HTTP, How does it work?
Last updated
Last updated
Cache systems like Transparent Edge can provide countless benefits to your website, like reducing load times of pages, absorbing high traffic volumes, improving the security of portals, and sometimes even reducing infrastructure costs.
However, like everything in this world, this one also has its difficulties, although once you understand how a cache works and the flow of HTTP requests, it’s relatively straightforward. In this entry, we’ll explain how an HTTP request works internally, analyze request and response headers, and show you how they get interpreted by an HTTP cache.
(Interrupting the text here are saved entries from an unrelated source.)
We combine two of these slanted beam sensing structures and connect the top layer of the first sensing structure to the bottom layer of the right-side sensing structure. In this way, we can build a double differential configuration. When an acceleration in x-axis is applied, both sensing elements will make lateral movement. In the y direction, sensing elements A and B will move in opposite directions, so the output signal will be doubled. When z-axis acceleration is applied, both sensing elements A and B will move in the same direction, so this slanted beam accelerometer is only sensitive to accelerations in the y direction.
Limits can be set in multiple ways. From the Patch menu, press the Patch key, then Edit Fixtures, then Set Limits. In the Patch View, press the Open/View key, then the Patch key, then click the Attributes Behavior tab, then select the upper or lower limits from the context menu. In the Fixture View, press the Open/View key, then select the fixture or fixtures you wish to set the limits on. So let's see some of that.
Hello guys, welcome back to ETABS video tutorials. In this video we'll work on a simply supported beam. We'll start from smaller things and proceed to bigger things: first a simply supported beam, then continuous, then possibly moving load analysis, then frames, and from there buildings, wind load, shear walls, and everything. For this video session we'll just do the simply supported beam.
The figure above shows the flow of a website request for an HTTP object from a conventional client to the web server that hosts the site www.transparentedge.eu (without passing through a cache). Not too complicated, right? Let’s take a deeper look.
After establishing the TCP connection with the server—generally over port 80—the client sends an HTTP GET method request for the “/” object (this “slash” object is the site’s homepage; if the client wanted a different object, instead of “/” you would see, for instance, “/categories” or “/image.png”).
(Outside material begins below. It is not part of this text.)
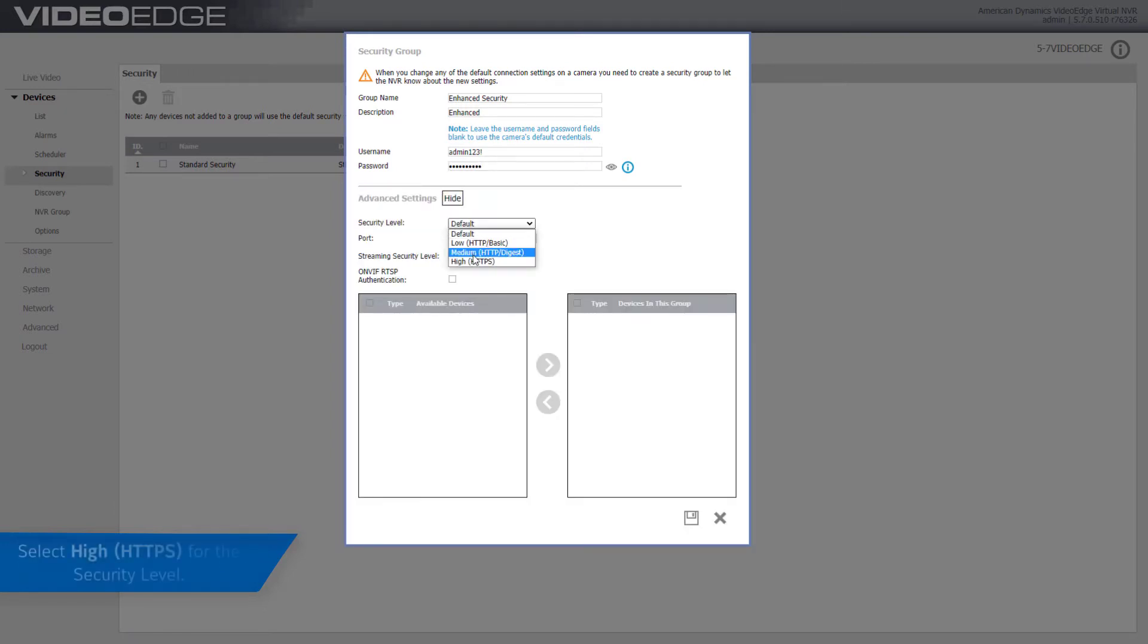Expand the Advanced Settings section and select High HTTPS as the security level.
The client sends the GET request with a set of headers, all of which are optional except the Host header. The Host header is used so that servers configured for multiple domains know which of their websites needs to be served to the client. Without this header, the server would understand that it had to serve the default website. As mentioned, the rest of the headers are optional, although modern browsers typically send a good deal of information in request headers. These often include the User-Agent header, which identifies the type of browser used for the request; the Cookie header, which contains information stored on the user's browser that is put to multiple uses by the website; and the Referer header, which tells the server the address of the page making the request.
In the response to this request, the web server sends the content itself along with another set of headers, some of which are rather important to the subject at hand.
On the first line, we see that the server responds with “HTTP/1.1 200 OK”. Here the server is using code 200 to tell the client that the requested resource has been found and served correctly. Section 10 of the RFC2616 defines all the status codes that a web server can return in response to an HTTP request. Second, we see the Cache-Control header, which can be configured in the web server or in code. It tells the client’s browser (and all the caches the request passes through) that the object must be updated every 2592000 seconds in this case—or in other words, that the object can be stored on the browser’s cache for 30 days. To keep this brief, we’re not going to analyze the rest of the headers; instead, we’ll see what would happen if this request did pass through a cache like Transparent Edge. Let’s take a look:
This might appear to complicate things, but it's actually simpler than it seems. To help you understand it, we’ll follow the request through all its steps.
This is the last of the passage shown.